Do you still remember the SQL query that we previously captured using the Wireshark tool? Now, using the Echo mirage tool, we can intercept the same TCP packet and modify the SQL query.
Figure 7 presents the SQL query that was captured after we injected Echo Mirage into the Damn Vulnerable Thick Client Application’s process.
The following table presents a set of proxy tools that can be used:
# | Tool Name | Description |
1 | Burp Suite | Burp Suite Professional is an advanced set of tools for testing web security. |
2 | Fiddler | Fiddler is a free web debugging tool which logs all HTTP(S) traffic between your computer and the Internet. |
3 | Echo Mirage | Echo Mirage is a versatile local proxy tool that can be used to intercept and modify TCP payloads for local Windows applications. |
4 | Charles Web Debugging Proxy | Charles is an HTTP proxy that enables to view all of the HTTP and SSL / HTTPS traffic between the local machine and the Internet.
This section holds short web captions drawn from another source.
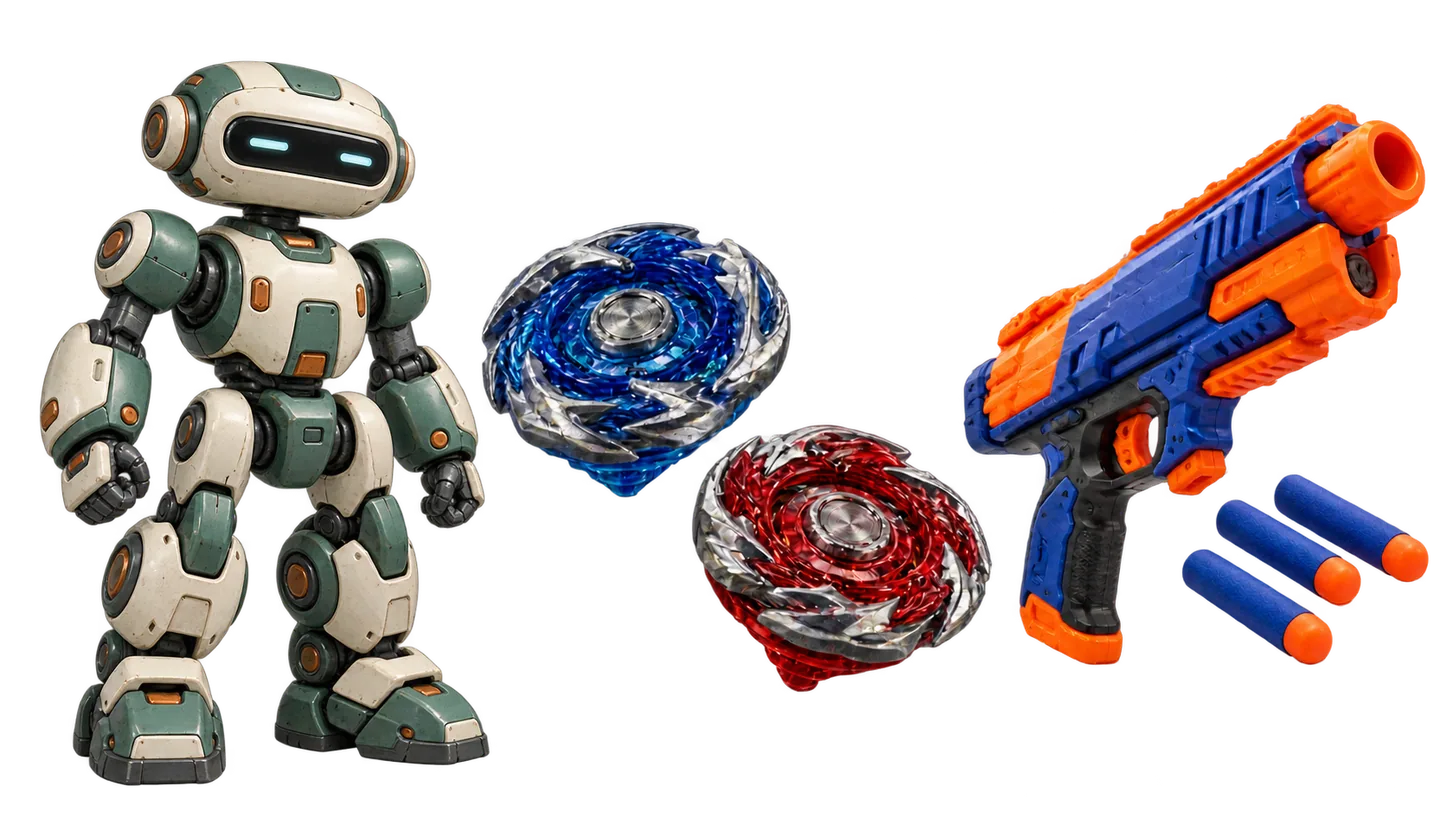 欲しいもののイメージ：ロボットのプラモデル、対戦するコマ、スポンジ弾のおもちゃ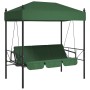 Banco columpio de jardín con toldo acero verde de , Balancines de jardín - Ref: Foro24-4008902, Precio: 241,29 €, Descuento: %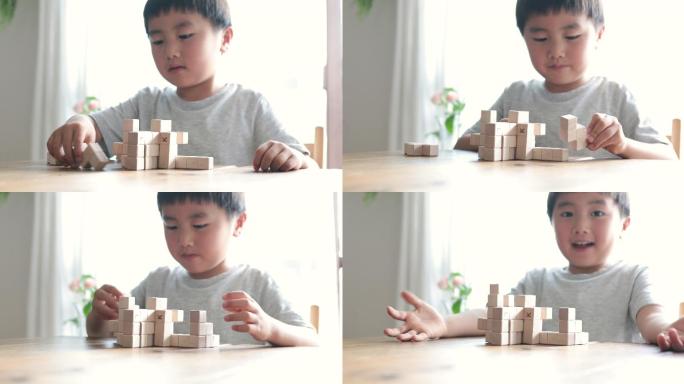 玩积木的小男孩智力测验益智玩具大脑开发
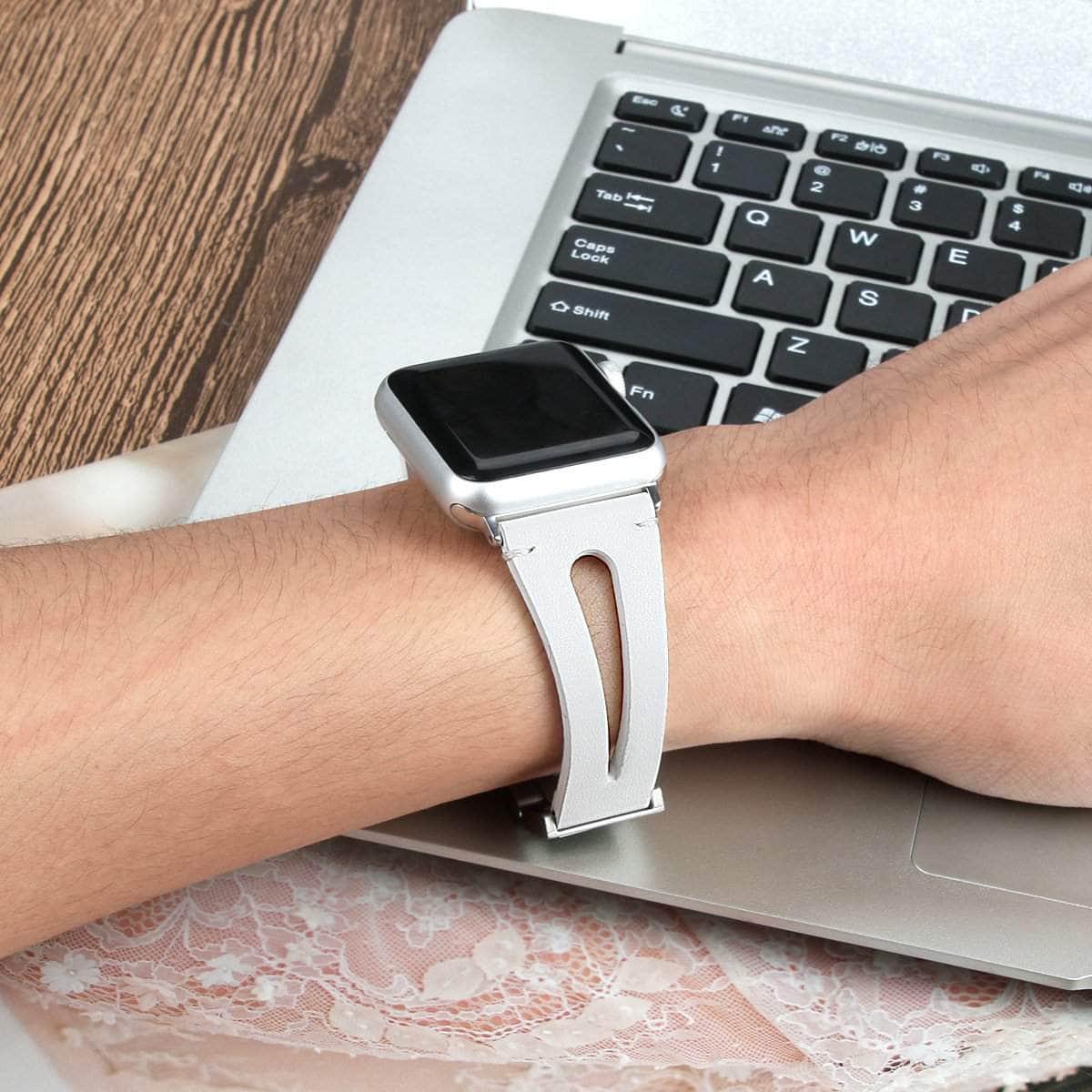 Genuine Leather Loop Metal Band Apple Watch 6 5 4 3 SE 44/42/40/38 - CaseBuddy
This includes requests, responses and the HTTP headers. |
Client-Side attacks
Files Analysis
Applications usually store information in local files and the registry. Sensitive information that we might look for in a thick client pentest includes:
- Usernames
- Passwords
- Connection Strings
- API keys
For this step, it is crucial to know which files are being used by the tested thick client application. We can use the Process Monitor tool from the Sysinternals Suite to collect all the necessary information.
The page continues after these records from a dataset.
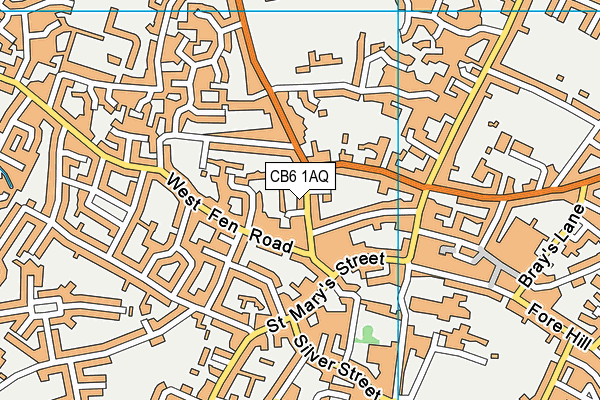 CB6 1AQ map - OS VectorMap District (Ordnance Survey)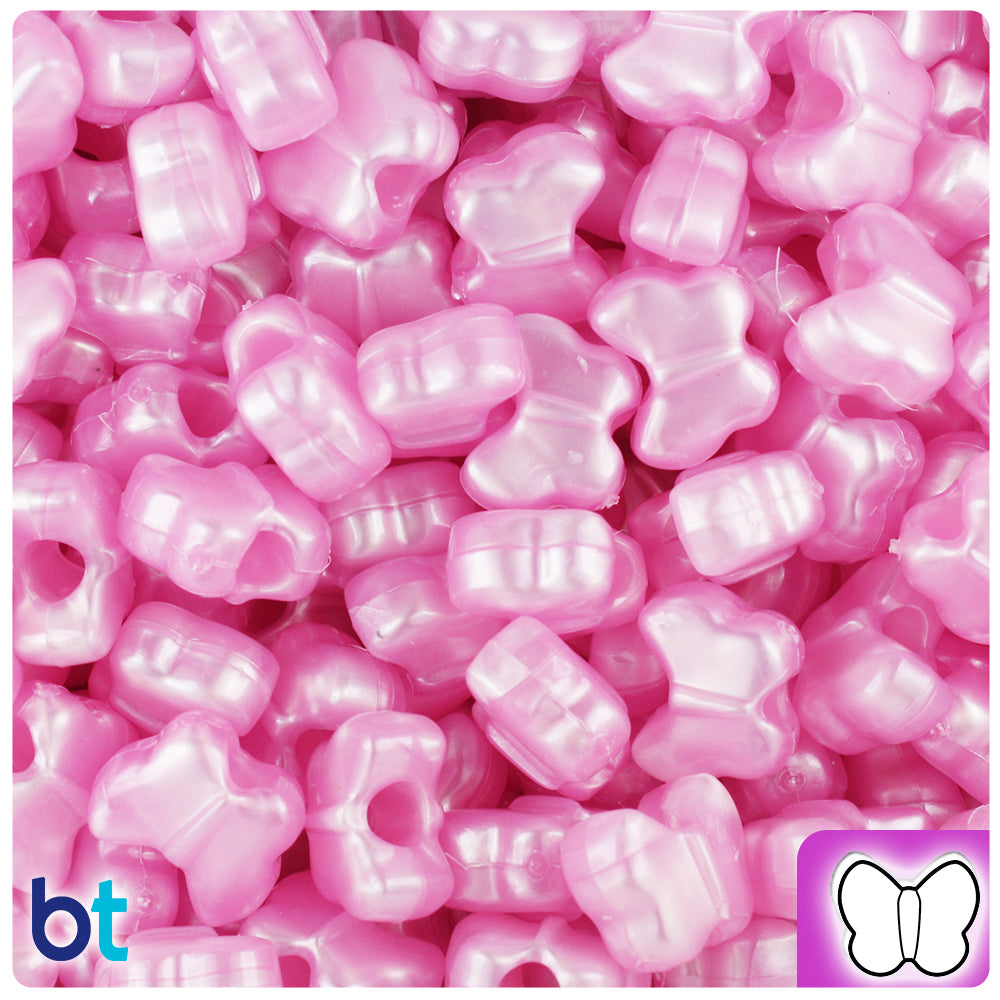 Light Pink Pearl 13mm Butterfly Pony Beads (250pcs)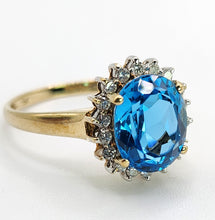 Load image into Gallery viewer, 1650: Vintage: 9ct Gold Swiss Blue Topaz 18 Diamonds Cluster Ring- sparkling beauty
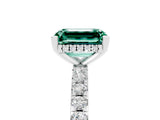 White gold Emerald Cut Green Sapphire Solitaire Ring with Pavé Band and Four-Prong Setting_29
Figure 8 presents the Process Monitor tool with the applied filter:
The Process Monitor tool should be showing us only the relevant operations we wanted to see, those related to the tested thick client application.
Figure 9 presents the results of the operations after applying the filter.
The following table presents a set of file analysis tools that can be used in this part:
# | Tool Name | Description |
1 | Process Monitor | An advanced monitoring tool for Windows that shows real-time file system, Registry and process/thread activity. |
2 | Regshot | An open-source (LGPL) registry compare utility that allows you to quickly take a snapshot of your registry and then compares it with a second one – used after doing system changes or installing a new software product. |
3 | Process Explorer | Provides the functionality of the Windows Task Manager along with a rich set of features for collecting information about processes running on the user’s system. It can be used as the first step in debugging software. |
4 | Process Hacker | A free, powerful multi-purpose tool that helps you monitor system resources, debug software and detect malware. |
Identifying DLL Hijacking Vulnerability
The next step is to examine if the tested thick client application is vulnerable to a DLL hijacking vulnerability.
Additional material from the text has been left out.